Gagasan tersebut, menurut pandangan Muhadjir, sesuai dengan konsep Nawa Cita yang menjadi pegangan pemerintahan Presiden Joko Widodo. Dengan bersekolah sepanjang hari, pelajar juga akan mendapat lebih banyak muatan pendidikan karakter, di samping akademik.
Tanggapan dari berbagai kalangan pun mengalir hingga mencuatkan pro dan kontra. Tidak sedikit yang memandang negatif. Mereka menganggap jam sekolah yang lebih panjang akan membuat siswa kelelahan. Waktu siswa untuk berinteraksi dengan keluarga juga semakin pendek.

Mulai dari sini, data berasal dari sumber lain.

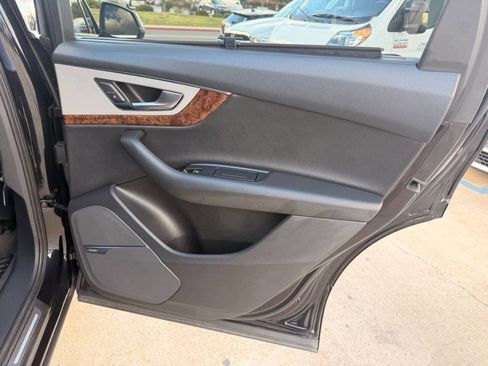 Used 2019 Audi Q7 2.0T Premium Plus w/ Premium Plus Package image 34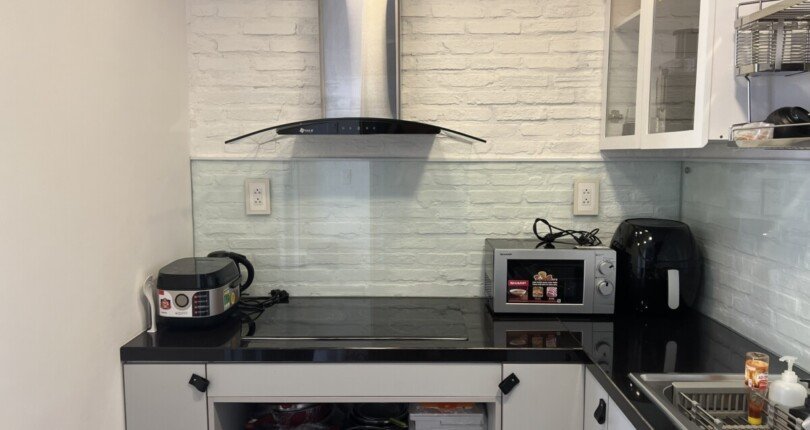 bep can ho ban 3 810x430 - Bán căn hộ chung cư Scenic Valley 1 , tầng cao, căn góc, giá 4.4 tỷ, nội thất đầy đủ, nhà đang trống.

Orangtua yang merasa mampu mendidik anak dalam lingkungan keluarga khawatir kebijakan itu akan merampas hak mereka. Hubungan antara anak dan orangtua pun menjadi renggang. Di Jepang dan Korea Selatan, konsep sekolah sepan¬jang hari telah lama diterapkan. Pola itu juga diadopsi sebagian sekolah di Tanah Air yang diakui memiliki kualitas layanan pendidikan di atas rata-rata.
Sebagai kompensasi jam sekolah yang panjang, waktu lima hari sekolah pun dijalankan. Siswa tidak dibebani pekerjaan rumah atau PR sehingga waktu untuk berinteraksi dengan keluarga relatif terjaga. Namun, menerapkan jam sekolah seperti itu tidak gam¬pang. Tiap sekolah mesti menyediakan fasilitas yang komprehensif untuk mengakomodasi minat dan potensi siswa. Demikian pula dengan kesiapan guru.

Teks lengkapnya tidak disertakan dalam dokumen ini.